- _What this task involves_
The records below are to be copied exactly, with every picture left out.

- _Available records_
--

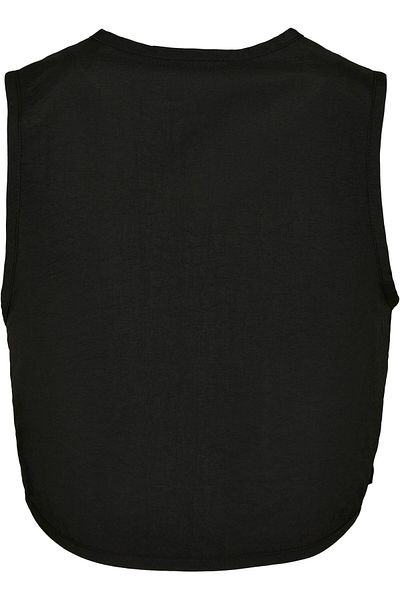 Urban Classics Damen Ladies Short Tactical Vest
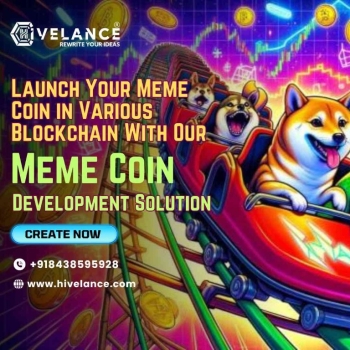 Create Your Own Meme Coin With Hivelance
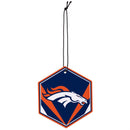 Denver Broncos Air Freshener, Set of 2
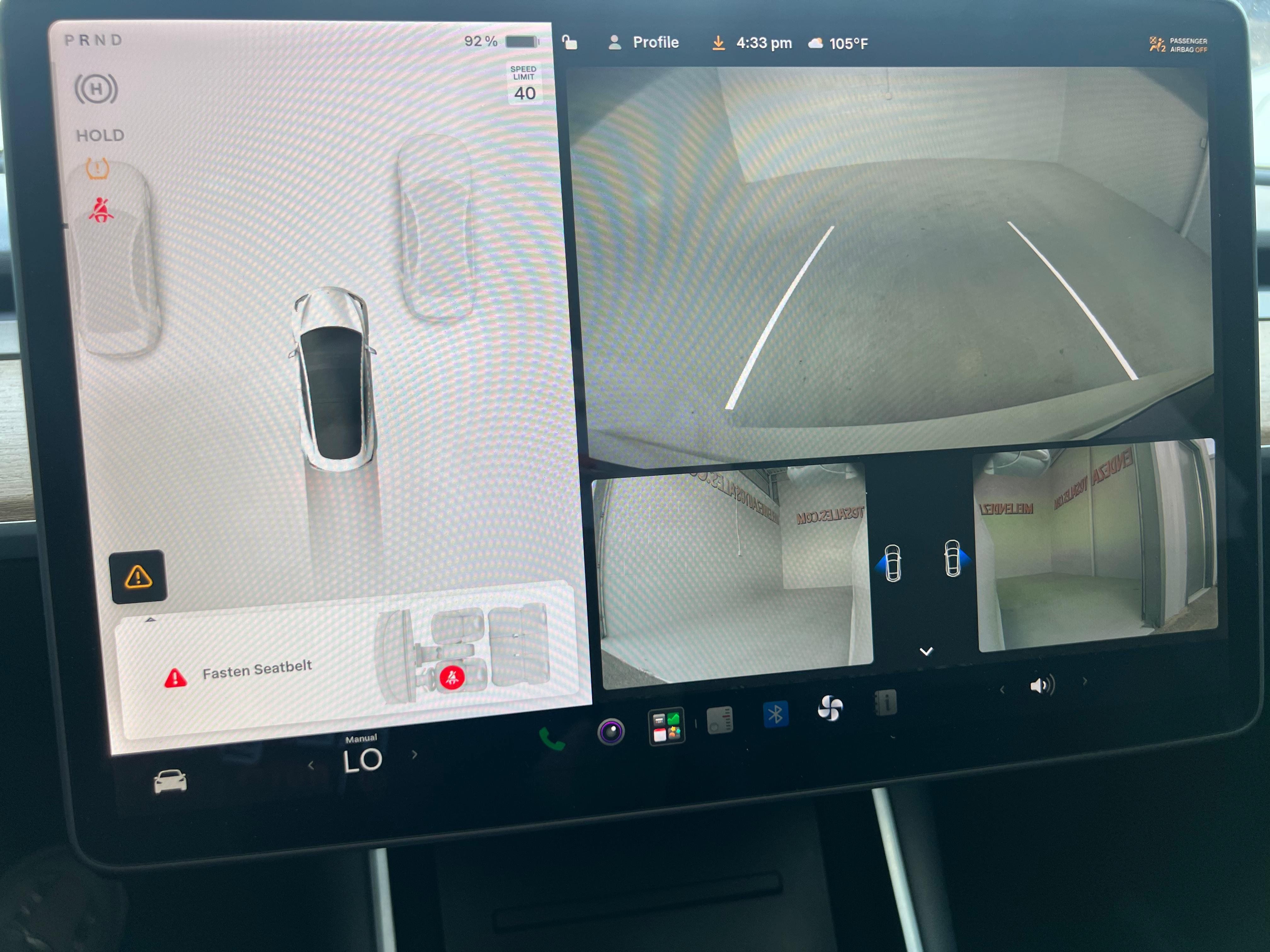 Used 2020 Tesla Model 3 Long Range AWD/4WD image 20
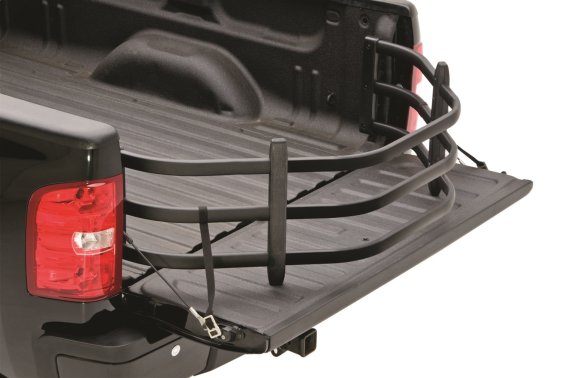 AMP Research BedXtender HD Sport Black for 2007-2019 Chevrolet Silverado and GMC Sierra 1500/2500...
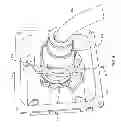 Fig. 09 - Power supply system including panel with safety release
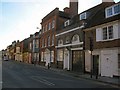 Salisbury - New Street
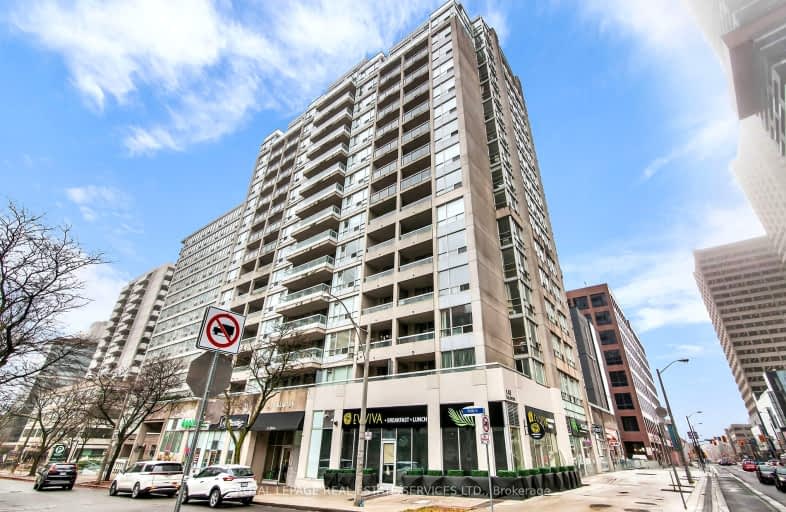 605-43 Eglinton Avenue East, Toronto | Image 1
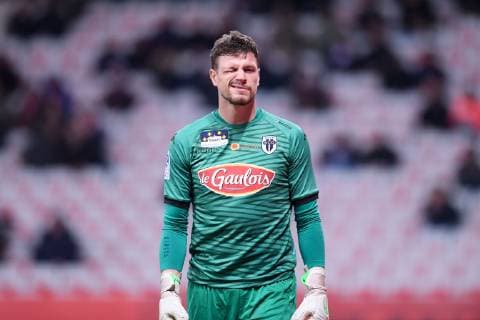 16 LUDOVIC BUTELLE (SCO) FOOTBALL : Nice vs Angers - Ligue 1 Conforama - 04 12 2018 FEP Panoramic 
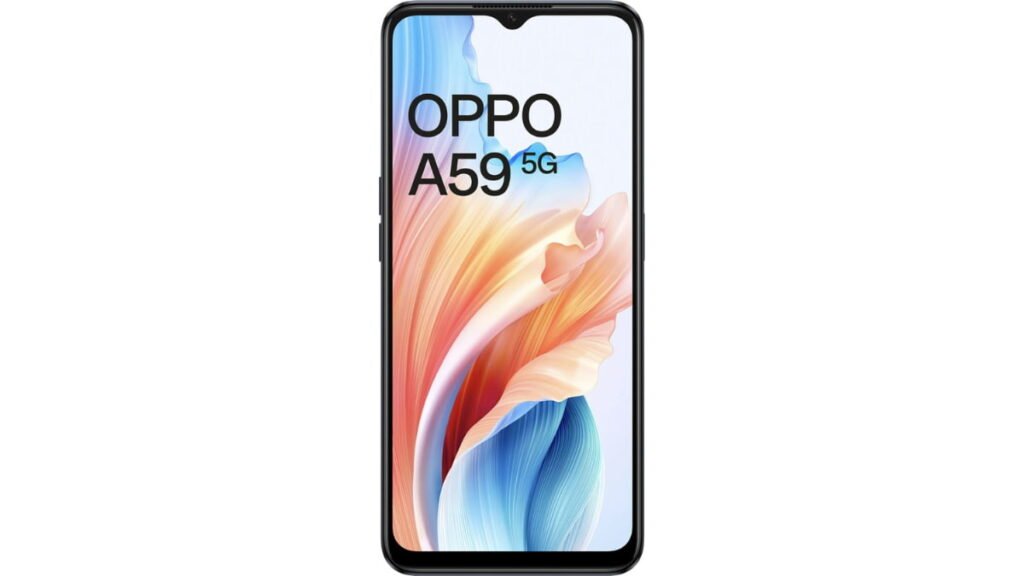 OPPO A59 5G Display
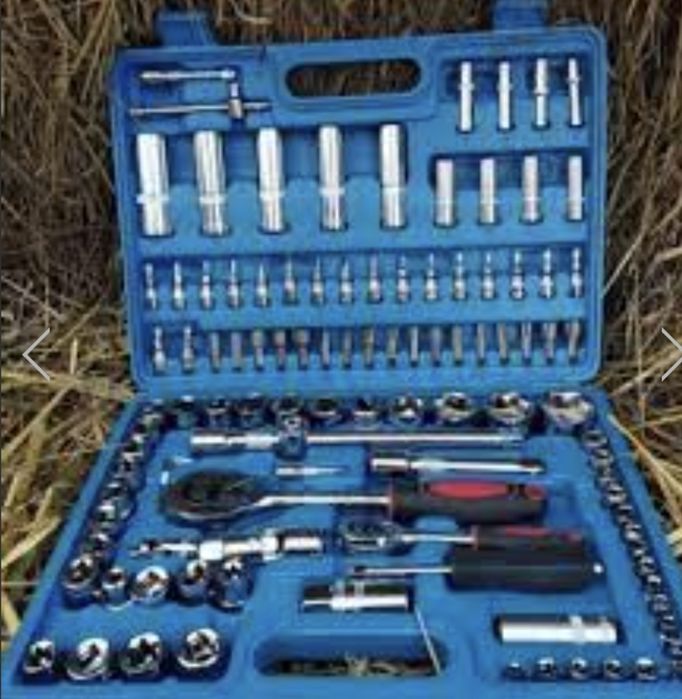 Набір інструментів Zhongxin 108 предметів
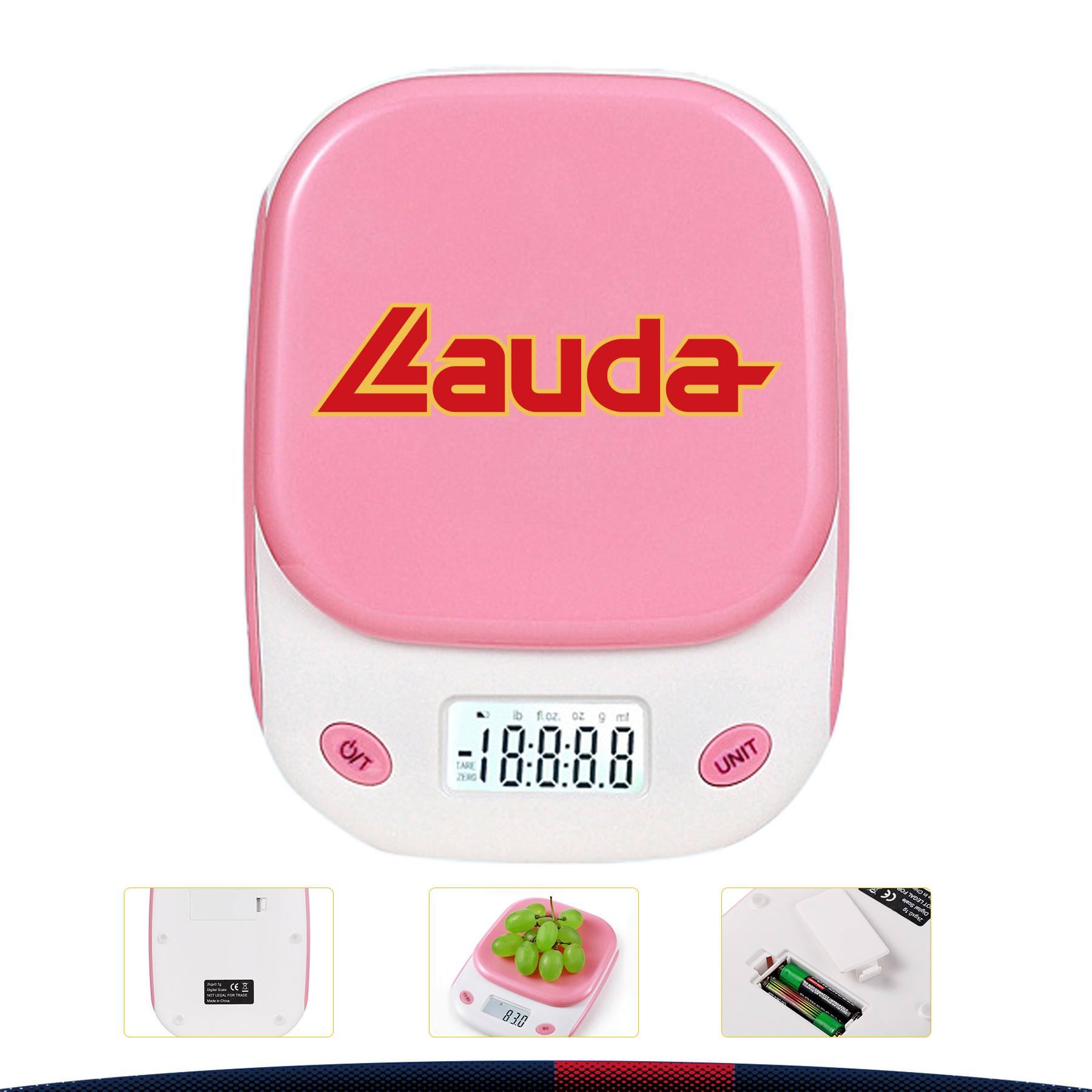 Jehan Electronic Scale 1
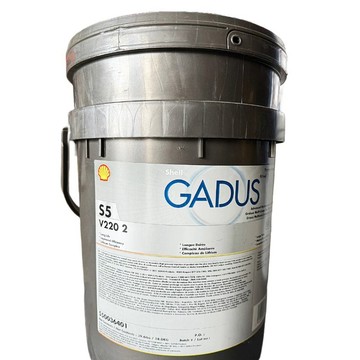 【美機油】SHELL GADUS S5 V220 2號 高性能多用途潤滑脂 軸承 培林 潤滑 18L 美國製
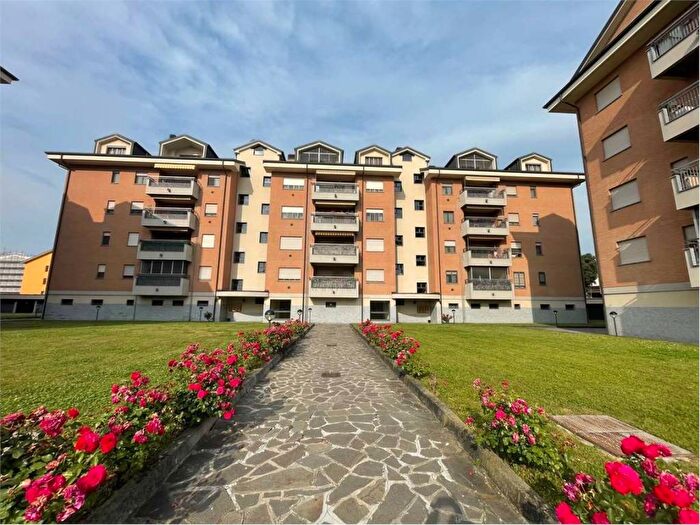 Appartamento monolocale in affitto in via Cavalli, Centro, Locate di Triulzi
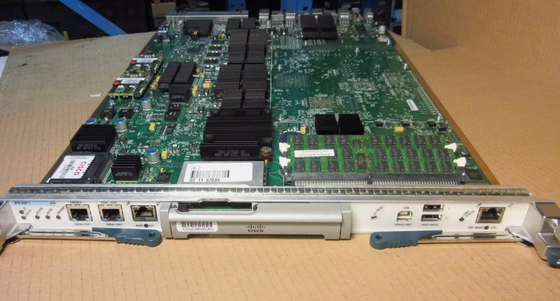 Cisco Nexus 7000 N7K SUP1 V14 8GB Supervisor Module trong kho với giá tốt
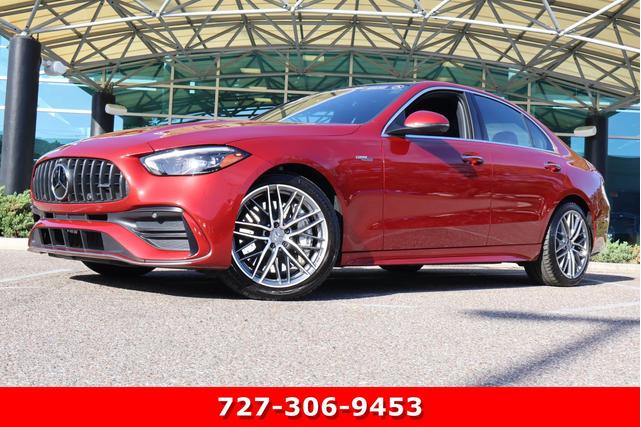2023 mercedes-benz amg c 43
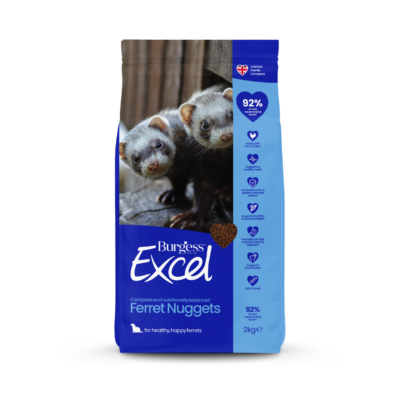 Excel Ferret Nuggets product image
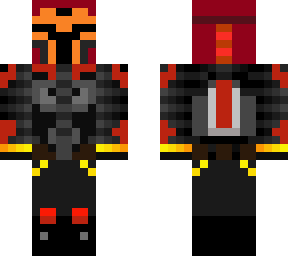 re color mandalorian
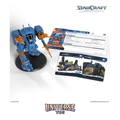 Starcraft TMG: Terran Expansion Set - Goliath | Archon Studio | Universe TCG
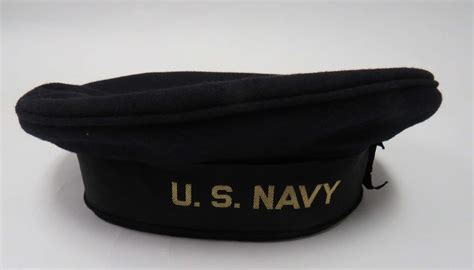 Ww2 Us Navy Sailors Cap In Hats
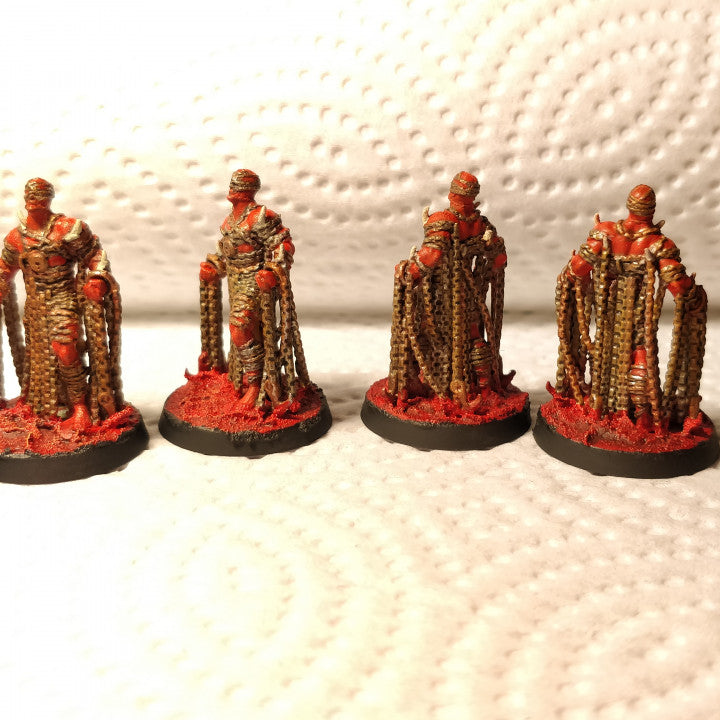 CHAIN DEVIL - Miniature -All Sizes | Dungeons and Dragons | Pathfinder | War Gaming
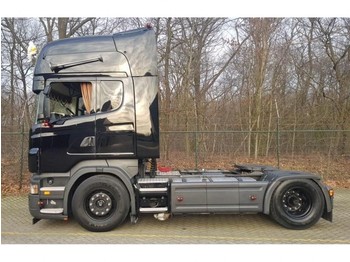شاحنة جرار Scania R 500 V 8 showtruck: صور 1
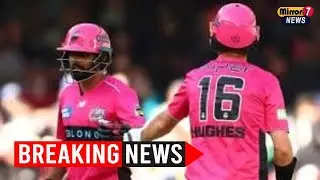 В сезоне 2025&ndash;2026 в лиге Big Bash League набирает обороты, а звездные моменты определяют тенденц...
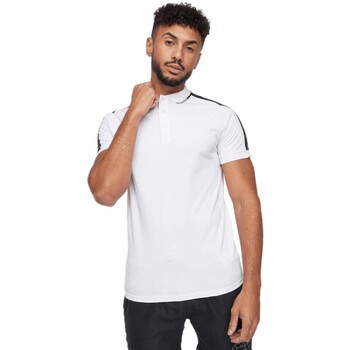 Abbigliamento Uomo T-shirt & Polo Crosshatch Allred Bianco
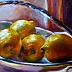 Barbara Gulbinowicz - Citrons, noix et oignons
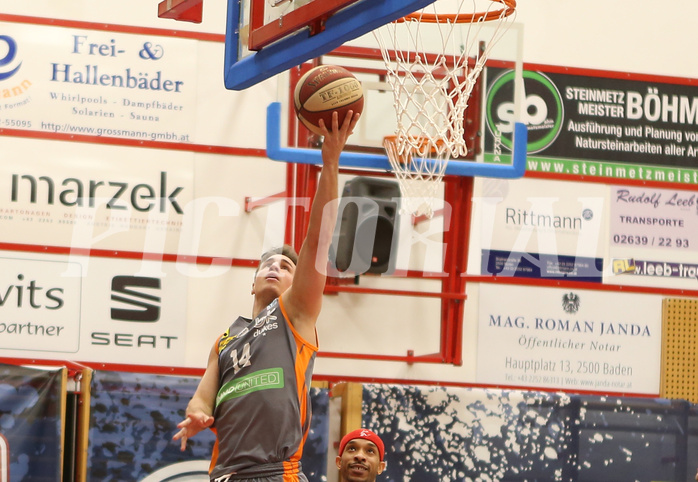 Basketball Superliaga 2020/21, Grunddurchgang 14.Runde Traiskirchen Lions vs. Klosterneuburg Dukes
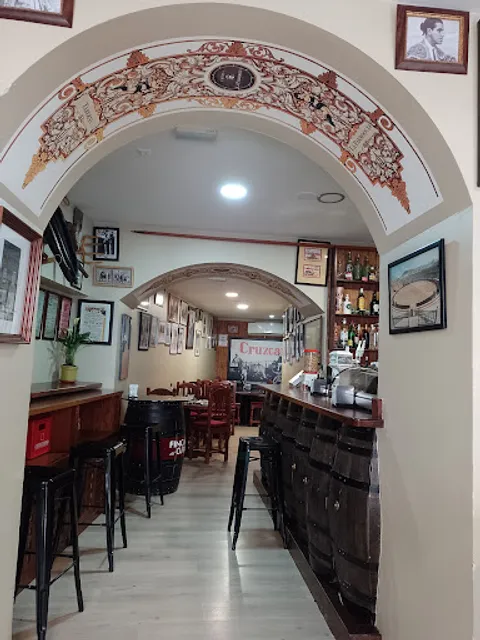 TABERNA LA PARROQUIA OSUNA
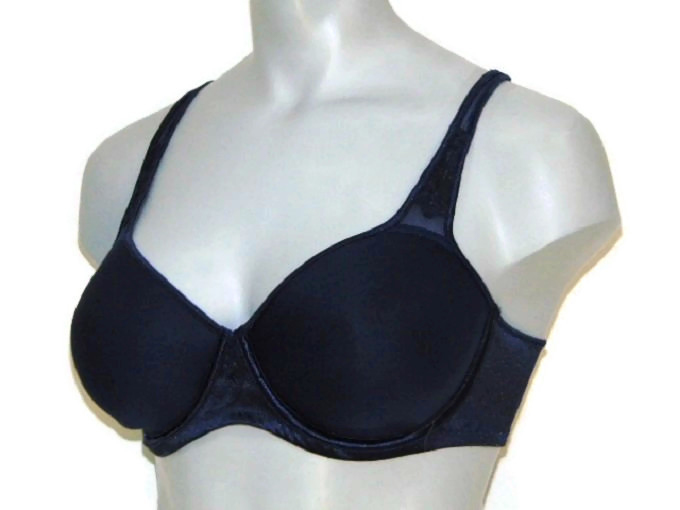 Elbrina Valerie blue padded bra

--

- _Written response_
 Urban Classics Damen Ladies Short Tactical Vest
 Create Your Own Meme Coin With Hivelance
 Denver Broncos Air Freshener, Set of 2
 Used 2020 Tesla Model 3 Long Range AWD/4WD image 20
 AMP Research BedXtender HD Sport Black for 2007-2019 Chevrolet Silverado and GMC Sierra 1500/2500...
 Fig. 09 - Power supply system including panel with safety release
 Salisbury - New Street
 605-43 Eglinton Avenue East, Toronto | Image 1
 16 LUDOVIC BUTELLE (SCO) FOOTBALL : Nice vs Angers - Ligue 1 Conforama - 04 12 2018 FEP Panoramic 
 OPPO A59 5G Display
 Набір інструментів Zhongxin 108 предметів
 Jehan Electronic Scale 1
 【美機油】SHELL GADUS S5 V220 2號 高性能多用途潤滑脂 軸承 培林 潤滑 18L 美國製
 Appartamento monolocale in affitto in via Cavalli, Centro, Locate di Triulzi
 Cisco Nexus 7000 N7K SUP1 V14 8GB Supervisor Module trong kho với giá tốt
2023 mercedes-benz amg c 43
 Excel Ferret Nuggets product image
 re color mandalorian
 Starcraft TMG: Terran Expansion Set - Goliath | Archon Studio | Universe TCG
 Ww2 Us Navy Sailors Cap In Hats
 CHAIN DEVIL - Miniature -All Sizes | Dungeons and Dragons | Pathfinder | War Gaming
شاحنة جرار Scania R 500 V 8 showtruck: صور 1
 В сезоне 2025&ndash;2026 в лиге Big Bash League набирает обороты, а звездные моменты определяют тенденц...
 Abbigliamento Uomo T-shirt & Polo Crosshatch Allred Bianco
 Barbara Gulbinowicz - Citrons, noix et oignons
 Basketball Superliaga 2020/21, Grunddurchgang 14.Runde Traiskirchen Lions vs. Klosterneuburg Dukes
 TABERNA LA PARROQUIA OSUNA
 Elbrina Valerie blue padded bra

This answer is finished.